Appena varcata la soglia, la prima sensazione è quella di trovarsi davanti a qualcosa di irregolare e potente. Una pittura che non pretende di rassicurare o di compiacere, ma che vive nel suo continuo trasformarsi. Corpi appena accennati, volti che emergono per poi svanire tra colature e pennellate dense, superfici che alternano zone di vuoto e di materia. Un dialogo, a tratti teso, tra la grande tradizione figurativa rinascimentale e il gesto pittorico contemporaneo.

Osservando l’opera centrale, ispirata al Giudizio Universale michelangiolesco, si ha la sensazione che il racconto sacro sia diventato pretesto per parlare di altro. Di un’umanità che oggi si muove incerta, senza certezze divine o destini già scritti. Le figure sembrano sorreggersi a fatica, sfumate ai margini, in una dimensione sospesa tra il sacro e il quotidiano.

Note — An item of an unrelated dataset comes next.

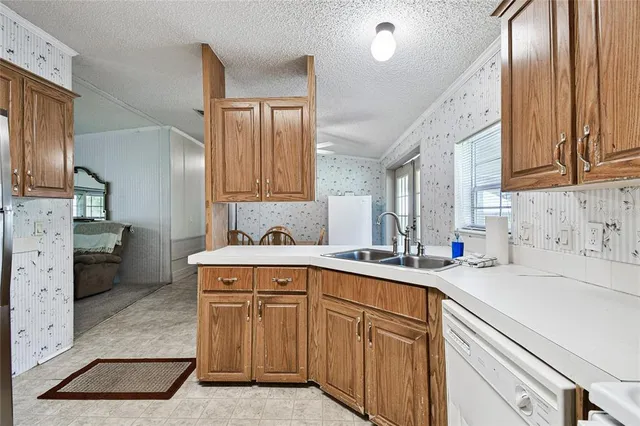 a view of a bunch of trees in a field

A colpire non è solo la scala monumentale del progetto, ma la fisicità della pittura, il suo farsi processo visibile, le tracce della mano che lavora e ricomincia. Si coglie il senso di un’operazione collettiva, una pittura che nasce dal confronto, non solo con i modelli del passato, ma anche con il presente e le persone che lo abitano.

Ed è forse questa la cosa più interessante: sapere che dietro quei gesti c’è il contributo di uomini e donne arrivati da percorsi complicati, fragili, spesso esclusi dai circuiti ordinari della vita sociale. Un’umanità reale, che ha partecipato concretamente alla realizzazione delle tele. È un dettaglio che, una volta saputo, cambia lo sguardo sulle opere, perché quelle figure evanescenti sembrano assumere ancora più peso, diventare specchio di un’esistenza collettiva, fatta di passaggi incerti e tentativi.

Il percorso offre anche una visione dall’alto, che consente di percepire l’impianto generale del progetto: un grande racconto che si compone di frammenti e dissolvenze, più vicino a una memoria stratificata che a una rappresentazione ordinata. E forse è proprio questa l’intenzione di Pombo: restituire alla pittura il diritto di essere materia imperfetta, non definitiva, capace di raccontare senza urlare, di evocare senza spiegare.

Alla fine della visita rimane una sensazione strana, fatta di inquietudine e di bellezza discreta. Come quando si intravede qualcosa che somiglia a un frammento di verità, ma che sfugge nel momento stesso in cui si tenta di afferrarlo. Un’esperienza che, senza retorica, parla di pittura, di storia e di persone.